You must create a custom OAuth application to authenticate to Domino via OAuth with AzureAD as an IdP.

Register and Configure an Azure AD App

In the Azure Portal, complete the following steps:

1. Click App registrations.
   • If this options isn't listed on the Azure Portal homepage, either search for "App registrations" in the search box or navigate to More services > Identity > Identity Management > App Registerations.
2. Click + New Registration.
3. Enter a name and select a supported account type.
4. Under Redirect URI (optional), select the Web option in the first dropdown and enter a local redirect URL. For example: http://localhost:8080
5. Click Register. The newly created app's Overview screen loads.
6. Note the Application (client) ID and the Directory (tenant) ID. These will be used later.
7. Click Add a certificate or secret. The Certificates & secrets page loads.
8. Click + New client secret > Add.
9. Note the Value of the newly created client secret. This will be used later to configure the add-in.
   • Warning: This value is only visible when you first create the client secret.
10. Navigate to Manage > Expose an API in the sidebar.
11. Click Add next to "Application ID URI". Specify a URI starting with "api://" (e.g. "api://mydominorest") and click Save.
12. Click + Add a scope. The Add a Scope pane appears.
13. Fill out the form in accordance with one of the scopes you want to grant to the add-in and click Add scope to complete the registration. Refer to the Domino documentation regarding scopes for information about the available scopes.
14. Repeat the previous two steps for each scope that you want to enable.
15. Click Manage > API permissions in the sidebar.
16. Click + Add a permission > APIs my organization uses and select your application's name. If your application is not visible, type its name in the search box.
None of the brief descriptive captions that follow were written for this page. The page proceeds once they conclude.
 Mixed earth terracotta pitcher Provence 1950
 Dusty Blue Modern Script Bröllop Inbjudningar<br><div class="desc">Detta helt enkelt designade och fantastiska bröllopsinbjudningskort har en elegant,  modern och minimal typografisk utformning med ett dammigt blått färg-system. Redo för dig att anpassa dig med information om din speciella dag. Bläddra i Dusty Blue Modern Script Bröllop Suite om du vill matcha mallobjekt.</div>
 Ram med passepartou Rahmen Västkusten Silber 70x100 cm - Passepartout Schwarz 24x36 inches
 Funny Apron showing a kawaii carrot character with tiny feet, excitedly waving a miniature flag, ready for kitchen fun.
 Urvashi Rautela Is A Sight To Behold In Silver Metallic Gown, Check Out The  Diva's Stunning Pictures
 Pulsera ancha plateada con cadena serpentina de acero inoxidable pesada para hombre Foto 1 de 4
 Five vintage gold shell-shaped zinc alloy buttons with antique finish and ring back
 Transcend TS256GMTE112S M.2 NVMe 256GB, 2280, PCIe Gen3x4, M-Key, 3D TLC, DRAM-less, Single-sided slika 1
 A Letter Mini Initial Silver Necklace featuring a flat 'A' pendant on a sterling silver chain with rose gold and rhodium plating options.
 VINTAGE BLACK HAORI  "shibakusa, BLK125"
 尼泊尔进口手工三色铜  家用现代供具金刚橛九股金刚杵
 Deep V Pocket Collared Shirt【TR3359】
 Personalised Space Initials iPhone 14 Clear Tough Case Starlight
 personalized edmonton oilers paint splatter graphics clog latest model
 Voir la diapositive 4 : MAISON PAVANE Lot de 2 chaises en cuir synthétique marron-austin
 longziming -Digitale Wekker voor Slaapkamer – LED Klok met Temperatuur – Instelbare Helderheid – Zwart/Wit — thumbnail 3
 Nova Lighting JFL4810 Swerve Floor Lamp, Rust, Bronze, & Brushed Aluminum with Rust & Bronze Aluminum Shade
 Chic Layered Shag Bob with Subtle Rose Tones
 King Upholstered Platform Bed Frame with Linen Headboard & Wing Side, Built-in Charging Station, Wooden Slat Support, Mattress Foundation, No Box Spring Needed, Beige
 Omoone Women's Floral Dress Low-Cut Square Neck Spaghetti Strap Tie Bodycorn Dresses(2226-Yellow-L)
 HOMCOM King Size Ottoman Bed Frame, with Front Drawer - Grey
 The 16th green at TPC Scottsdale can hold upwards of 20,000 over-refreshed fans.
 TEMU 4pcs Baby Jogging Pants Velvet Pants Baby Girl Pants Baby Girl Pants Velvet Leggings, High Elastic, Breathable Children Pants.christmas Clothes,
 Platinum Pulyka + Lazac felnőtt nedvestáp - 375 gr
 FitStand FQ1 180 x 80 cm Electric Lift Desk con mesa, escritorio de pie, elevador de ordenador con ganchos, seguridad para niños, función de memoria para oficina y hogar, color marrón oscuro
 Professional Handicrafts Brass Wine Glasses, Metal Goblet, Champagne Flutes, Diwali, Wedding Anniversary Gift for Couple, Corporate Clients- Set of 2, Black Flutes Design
The Request API permissions menu appears.
17. Under "Select permissions", enable the scopes you defined by selecting their check boxes, then click Add permissions to confirm the selection.
18. In the sidebar, click Manage > Owners.
19. Click + Add Owners. Select the check box for the desired user(s) and click Select.
20. Click Manage > Authentication in the sidebar.
21. Under "Implicit grant and hybrid flows", select the Access tokens (used for implicit flows) check box and click Save.
22. Navigate in the sidebar to Manage > Manifest.
23. Note the value of the "id" in the manifest. This will be used later.
24. Change the value of accessTokenAcceptedVersion from null to 2 and click Save.
25. Click Overview in the sidebar to return to the application Overview page, then click Endpoints.
26. Note the following URL values for later use:
    • OAuth 2.0 authorization endpoint (v2)
    • OAuth 2.0 token endpoint (v2)
    • OpenID Connect metadata document

Configuring the Domino REST API

In your Domino server, create a JSON file in the keepconfig.d folder within your notesdata folder. Populate the file with the following content:

{
  "jwt": {
    "your_filename": {
      "active": true,
      "providerUrl": "https://login.microsoftonline.com/[tenantid]/v2.0/.well-known/openid-configuration",
      "aud": "[application id]",
      "iss": "[issuer URL]",
      "algorithm": "RS256"
    }
  }
}

Modify this sample content as follows:

• Replace "your_filename" with the name of the JSON file you created, without the ".json" extension. Do not remove the double quotes.
• Replace [tenantid] with your Tenant ID. This is the "Directory (tenant) ID" on the Azure application's Overview page.
• Replace [application id] with the value of the Application (client) ID from the application's Overview page, which you noted earlier.
• Replace [issuer URL] with the the "issuer" URL associated with your providerUrl above.
  • To find this, open the providerUrl (with the Tenant ID inserted) in your browser and look for the value of the "issuer" attribute.